For instance, many of us suspect that’s why The Verge published that SEO piece in the first place. As Walker summed up “it wouldn't surprise me if it was intended to tap into a niche community to manufacture outrage and drive up page views.”
This is, in the field, known by the obscure term “clickbait.”
Clickbait and chasing rage engagement
Look, that article was… strange. It felt engineered to make our entire field angry.
The Verge got many details wrong. For instance, Ray told me that “the now infamous ‘alligator party’ wasn’t even a true SEO event, but rather a casual meetup for affiliate marketers.”
It seemed like the whole point of that piece was simply to create “spicy drama.” For instance:
- “Amanda (the author) did all this research, attending the party, talking to folks, and somehow never realized her own preconceived bias prevented her from learning anything,” Higgins explained.
And yes, it worked. As I’ve shown above – all of us in marketing and SEO are already worried about our field. We feel like marketing, as we know it, might be falling apart. And this article dug into our insecurities.
As Walker described:
- “In a lot of ways, I feel like it was kicking people when they were feeling down, because it was the darkest reflection of what we all fear deep down.”

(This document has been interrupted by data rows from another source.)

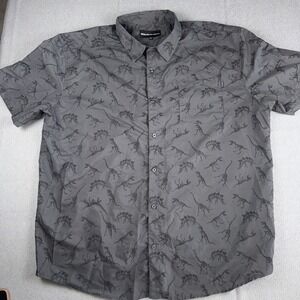Molokai Surf Co Mens Short Sleeve Button Up Grey Shirt 2XL Dinosaur Print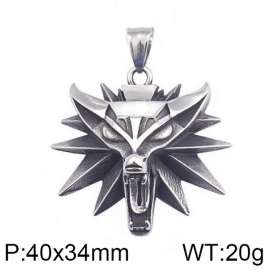 Oxidation Wizard3 Wild Hunt Game Pendant Necklace Anima Wolf Head Necklace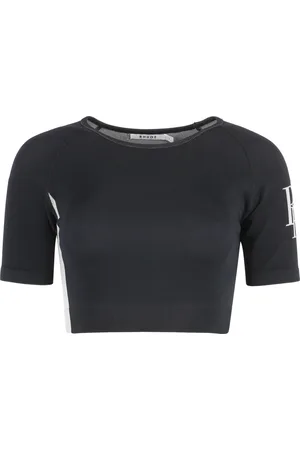 Rhude Tops, Dames, Zwart, L, Polyester, Logo Crop-top in Contrasterende Kleuren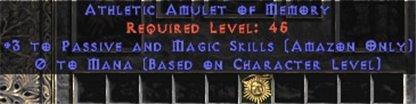 Amazon Amulet - 3 Passive/Magic Skills & 0.75 MPL - West Non-Ladder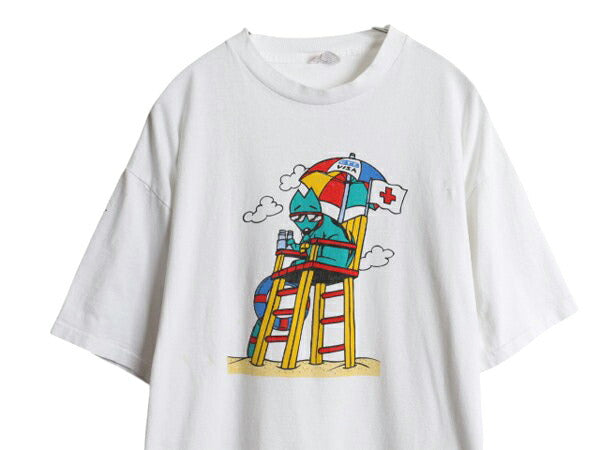 90s USA製 企業 イラスト キャラクター プリント Tシャツ メンズ XL / オールド グラフィック GTE VISA シングルステッチ 大きいサイズ 白
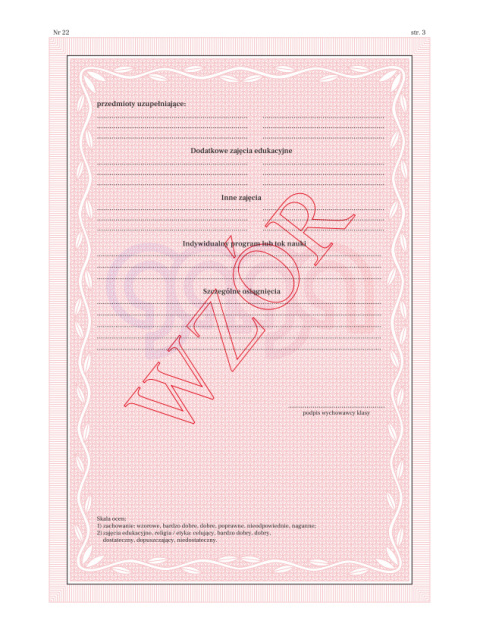 ŚWIADECTWO UKOŃCZENIA TECHNIKUM Z WYRÓŻNIENIEM Z ZABEZPIECZENIAMI MEIN-I/22-W/2 ŚWIADECTWO UKOŃCZENIA TECHNIKUM Z WYRÓŻNIENIEM Z ZABEZPIECZENIAMI MEIN-I/22-W/2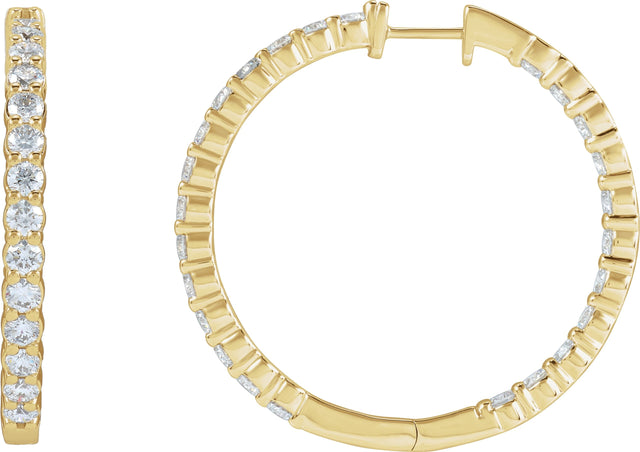 14K Gold Round Lab-Grown Diamond Inside-Outside Hoop Earrings – 1.5-3mm Stones - Yellow Gold
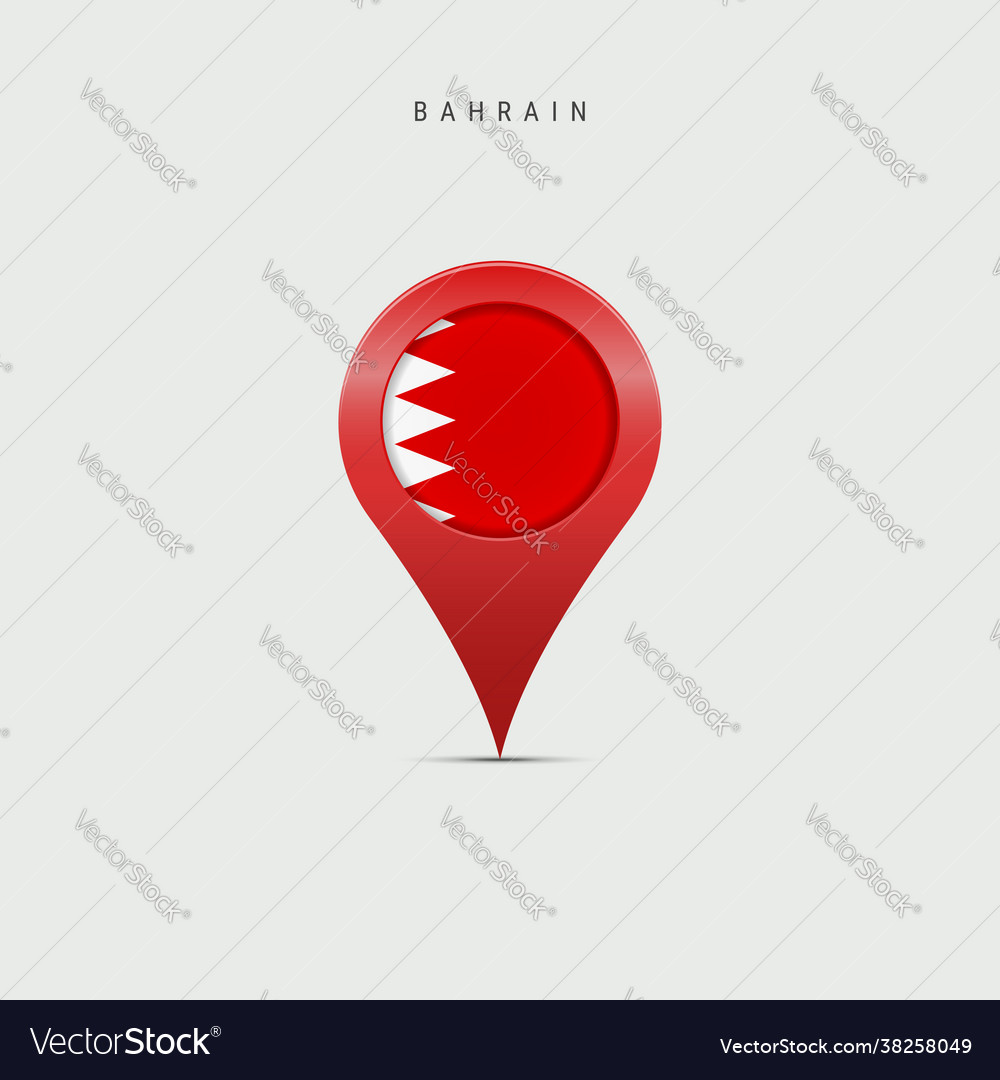 Teardrop map marker with flag bahrain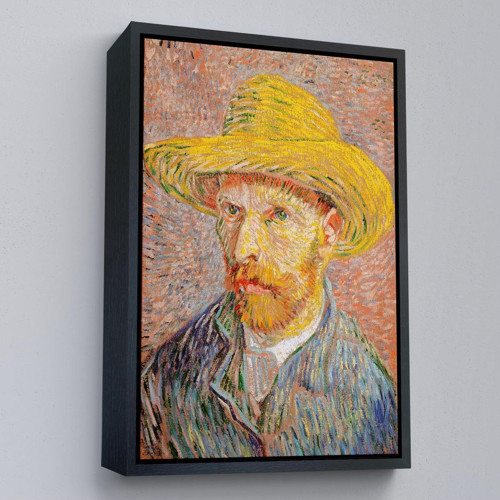 Çerçeveli Vincent Van Gogh - Hasır Şapkalı Otoportre Tablosu-7449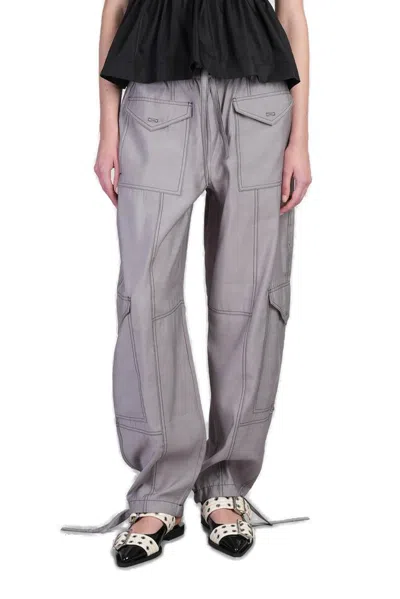 Ganni High Waist Drawstring Pants In Grey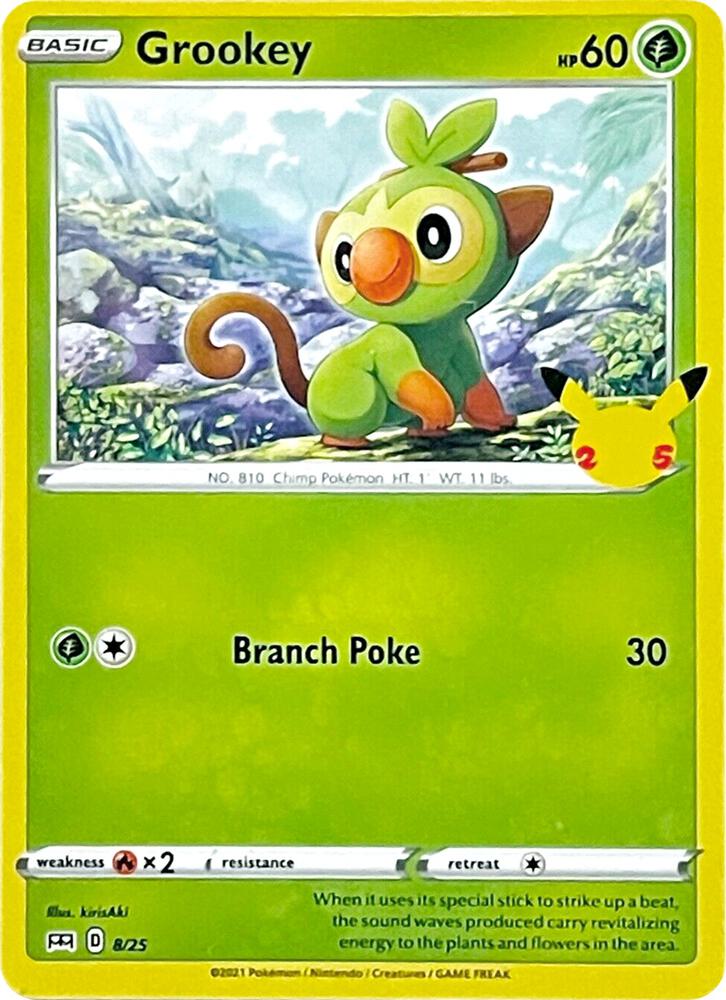 Pokemon Grookey 8/25 McDonald's Collection 2021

Walking away from the casino: Why people are giving up
Again, The Verge isn’t an isolated actor in our online wasteland. I agree with Hufford that “the game that The Verge is participating in, we're all playing it.”
The digital marketing status quo is broken. It’s not working for users, websites, journalists, or marketers. And figuring out how to change that status quo is hard. So many people are looking at the state of things and deciding that everything is hopeless.
Giving up on targeting
Chasing reach at all costs is a form of giving up. If you are trying to chase those hundreds of thousands or millions of impressions, that means you’ve given up on any concept of niche or properly targeting your content to a relevant audience.
Mass marketing becomes your only form of marketing. Because if your ads aren’t reaching the right people – might as well just throw money into the dark and hope that it comes back in the form of some views, from anybody, who cares who they are?
Typical SEO keyword research boils down to believing that “the way to run a content strategy is we do our keyword export, we sort for highest volume and lowest difficulty, and there's your content strategy. I think that needs to go straight into the toilet.” As Hufford told me.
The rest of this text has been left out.